What you need to do — Copy every record exactly as it appears in the data below.

Stored dataset items —
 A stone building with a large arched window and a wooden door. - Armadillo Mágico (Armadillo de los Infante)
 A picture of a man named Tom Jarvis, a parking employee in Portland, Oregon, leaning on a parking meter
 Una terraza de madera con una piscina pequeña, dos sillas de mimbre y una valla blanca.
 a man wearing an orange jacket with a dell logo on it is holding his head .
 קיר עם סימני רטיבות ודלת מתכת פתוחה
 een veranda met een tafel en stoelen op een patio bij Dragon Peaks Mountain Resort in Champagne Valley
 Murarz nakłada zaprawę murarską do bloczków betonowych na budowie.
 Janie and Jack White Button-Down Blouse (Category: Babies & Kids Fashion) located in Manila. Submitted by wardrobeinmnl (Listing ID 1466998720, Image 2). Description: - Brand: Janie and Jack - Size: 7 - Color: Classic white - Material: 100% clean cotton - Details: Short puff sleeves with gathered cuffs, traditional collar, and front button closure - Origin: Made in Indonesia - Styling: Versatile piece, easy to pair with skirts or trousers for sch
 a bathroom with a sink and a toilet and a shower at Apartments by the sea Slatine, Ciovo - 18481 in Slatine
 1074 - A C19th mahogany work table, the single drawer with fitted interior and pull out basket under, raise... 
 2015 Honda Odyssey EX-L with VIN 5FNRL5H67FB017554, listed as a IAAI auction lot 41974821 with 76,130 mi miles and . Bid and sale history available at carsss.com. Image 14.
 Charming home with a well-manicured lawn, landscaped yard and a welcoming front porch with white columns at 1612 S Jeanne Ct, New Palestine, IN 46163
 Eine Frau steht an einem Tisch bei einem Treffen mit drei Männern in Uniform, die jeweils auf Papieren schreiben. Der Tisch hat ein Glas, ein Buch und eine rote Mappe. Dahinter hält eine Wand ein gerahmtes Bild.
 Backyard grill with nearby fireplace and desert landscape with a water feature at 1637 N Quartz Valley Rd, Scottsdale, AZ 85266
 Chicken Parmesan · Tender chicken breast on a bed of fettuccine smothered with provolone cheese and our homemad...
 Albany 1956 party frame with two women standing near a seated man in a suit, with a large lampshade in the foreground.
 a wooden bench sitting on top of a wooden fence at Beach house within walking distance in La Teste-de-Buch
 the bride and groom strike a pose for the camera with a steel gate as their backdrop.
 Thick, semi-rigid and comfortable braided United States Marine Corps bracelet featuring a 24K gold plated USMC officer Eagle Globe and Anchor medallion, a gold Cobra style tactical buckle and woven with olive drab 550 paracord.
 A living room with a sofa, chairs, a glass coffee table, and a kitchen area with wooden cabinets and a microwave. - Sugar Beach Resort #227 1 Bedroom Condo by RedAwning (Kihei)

Written response —
 A stone building with a large arched window and a wooden door. - Armadillo Mágico (Armadillo de los Infante)
 A picture of a man named Tom Jarvis, a parking employee in Portland, Oregon, leaning on a parking meter
 Una terraza de madera con una piscina pequeña, dos sillas de mimbre y una valla blanca.
 a man wearing an orange jacket with a dell logo on it is holding his head .
 קיר עם סימני רטיבות ודלת מתכת פתוחה
 een veranda met een tafel en stoelen op een patio bij Dragon Peaks Mountain Resort in Champagne Valley
 Murarz nakłada zaprawę murarską do bloczków betonowych na budowie.
 Janie and Jack White Button-Down Blouse (Category: Babies & Kids Fashion) located in Manila. Submitted by wardrobeinmnl (Listing ID 1466998720, Image 2). Description: - Brand: Janie and Jack - Size: 7 - Color: Classic white - Material: 100% clean cotton - Details: Short puff sleeves with gathered cuffs, traditional collar, and front button closure - Origin: Made in Indonesia - Styling: Versatile piece, easy to pair with skirts or trousers for sch
 a bathroom with a sink and a toilet and a shower at Apartments by the sea Slatine, Ciovo - 18481 in Slatine
 1074 - A C19th mahogany work table, the single drawer with fitted interior and pull out basket under, raise... 
 2015 Honda Odyssey EX-L with VIN 5FNRL5H67FB017554, listed as a IAAI auction lot 41974821 with 76,130 mi miles and . Bid and sale history available at carsss.com. Image 14.
 Charming home with a well-manicured lawn, landscaped yard and a welcoming front porch with white columns at 1612 S Jeanne Ct, New Palestine, IN 46163
 Eine Frau steht an einem Tisch bei einem Treffen mit drei Männern in Uniform, die jeweils auf Papieren schreiben. Der Tisch hat ein Glas, ein Buch und eine rote Mappe. Dahinter hält eine Wand ein gerahmtes Bild.
 Backyard grill with nearby fireplace and desert landscape with a water feature at 1637 N Quartz Valley Rd, Scottsdale, AZ 85266
 Chicken Parmesan · Tender chicken breast on a bed of fettuccine smothered with provolone cheese and our homemad...
 Albany 1956 party frame with two women standing near a seated man in a suit, with a large lampshade in the foreground.
 a wooden bench sitting on top of a wooden fence at Beach house within walking distance in La Teste-de-Buch
 the bride and groom strike a pose for the camera with a steel gate as their backdrop.
 Thick, semi-rigid and comfortable braided United States Marine Corps bracelet featuring a 24K gold plated USMC officer Eagle Globe and Anchor medallion, a gold Cobra style tactical buckle and woven with olive drab 550 paracord.
 A living room with a sofa, chairs, a glass coffee table, and a kitchen area with wooden cabinets and a microwave. - Sugar Beach Resort #227 1 Bedroom Condo by RedAwning (Kihei)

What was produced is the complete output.